(Prompt) Your copy should begin with the line containing "Black Reversible 90's", end with the line containing "Temple Decoration Saraswati", match the listing below exactly, and contain no pictures.

** Opening Task material block **

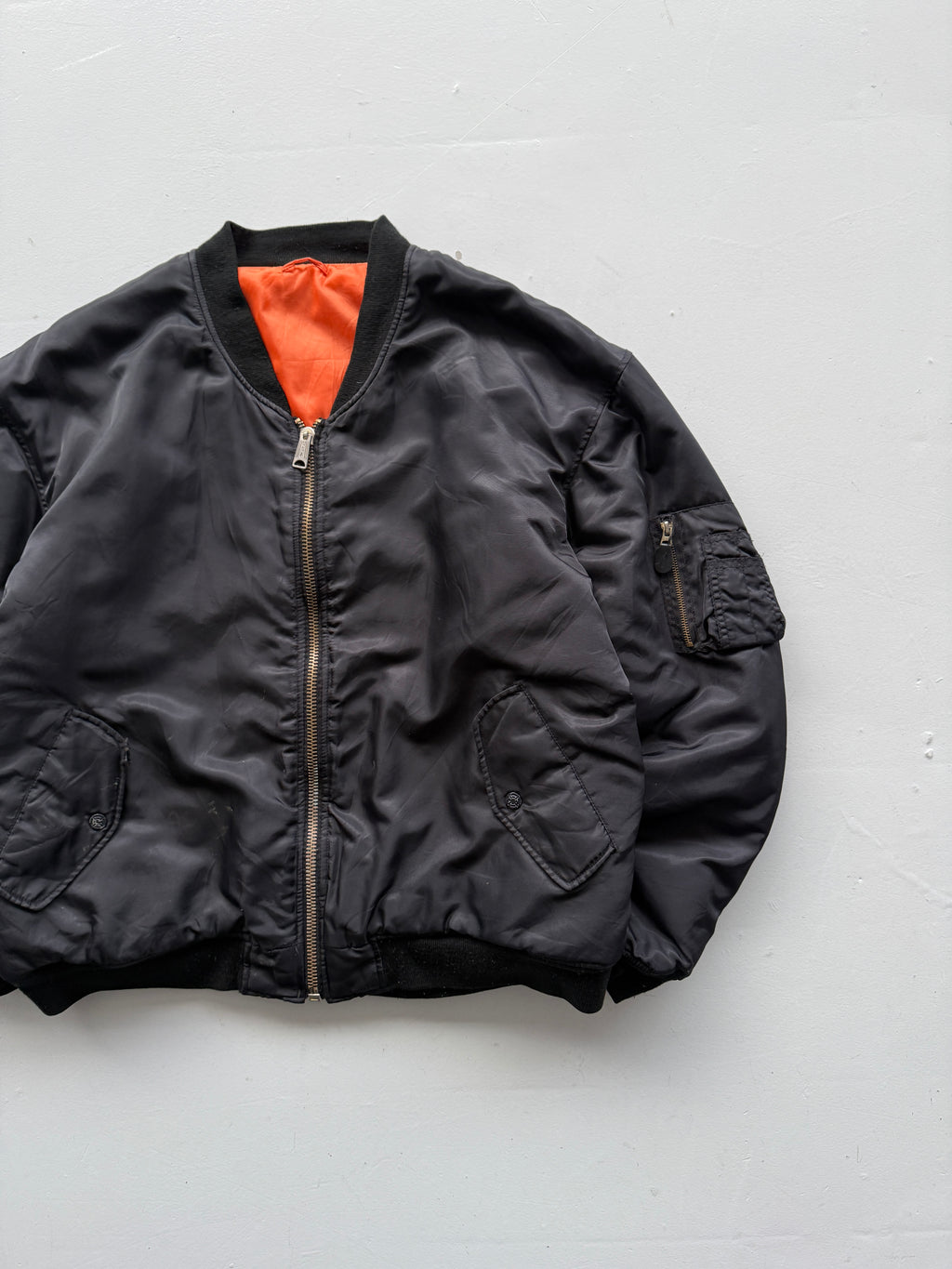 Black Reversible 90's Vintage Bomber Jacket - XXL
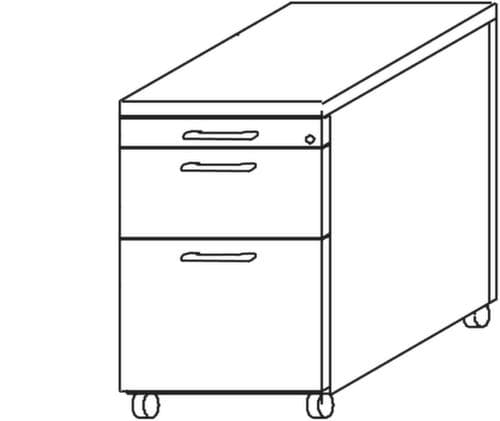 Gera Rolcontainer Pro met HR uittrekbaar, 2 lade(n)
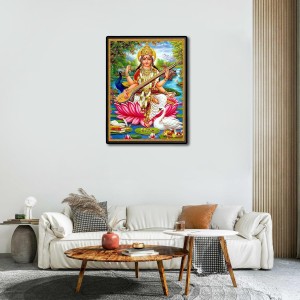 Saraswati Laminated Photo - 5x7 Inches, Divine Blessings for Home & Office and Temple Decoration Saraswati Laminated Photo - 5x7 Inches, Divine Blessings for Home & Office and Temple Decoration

** Closing Task material block **
** Opening Task material block **

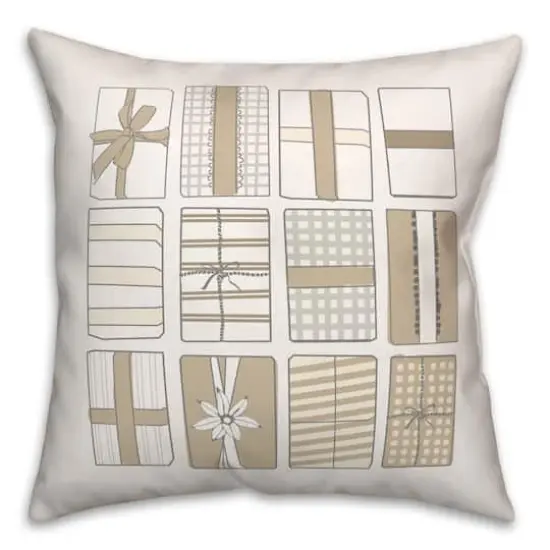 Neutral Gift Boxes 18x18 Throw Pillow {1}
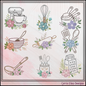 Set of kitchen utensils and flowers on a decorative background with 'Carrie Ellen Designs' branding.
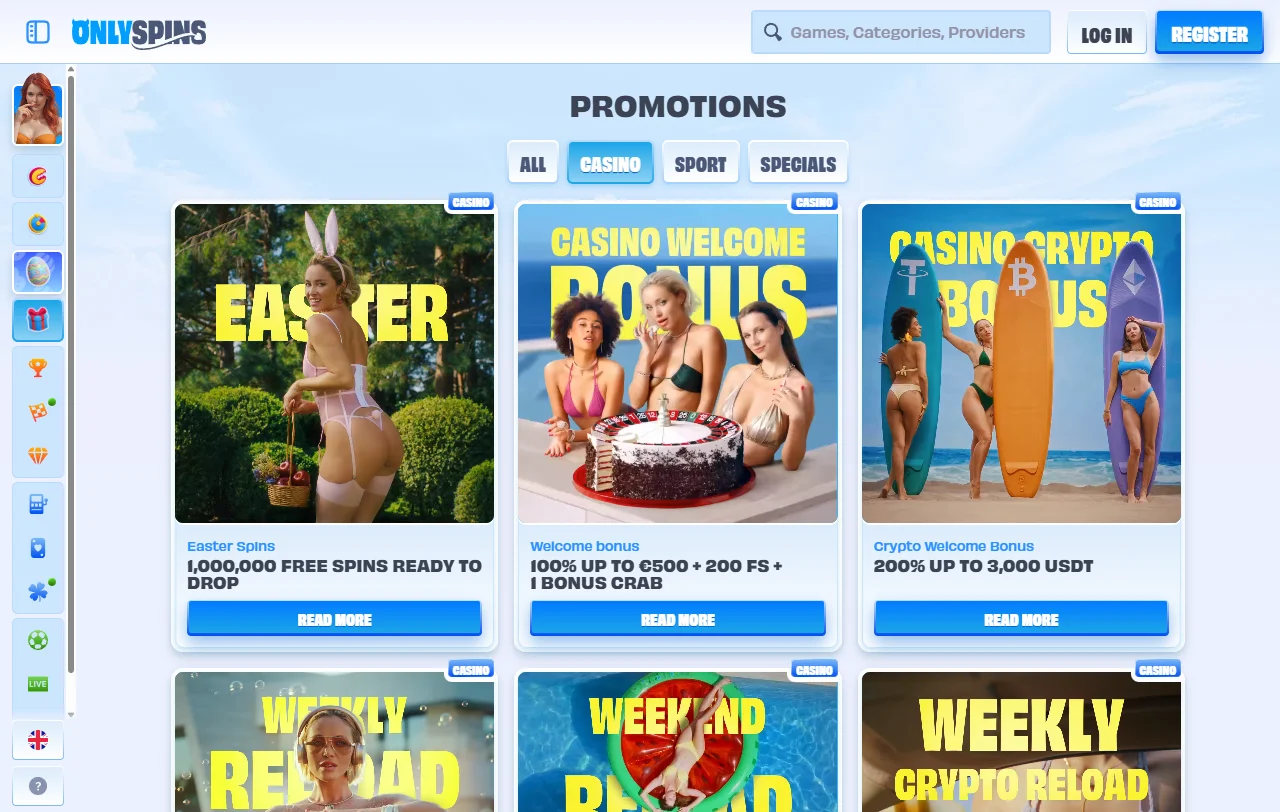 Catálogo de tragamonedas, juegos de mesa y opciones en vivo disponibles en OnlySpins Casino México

** Closing Task material block **

(Result below)
 Black Reversible 90's Vintage Bomber Jacket - XXL
 Gera Rolcontainer Pro met HR uittrekbaar, 2 lade(n)
 Saraswati Laminated Photo - 5x7 Inches, Divine Blessings for Home & Office and Temple Decoration Saraswati Laminated Photo - 5x7 Inches, Divine Blessings for Home & Office and Temple Decoration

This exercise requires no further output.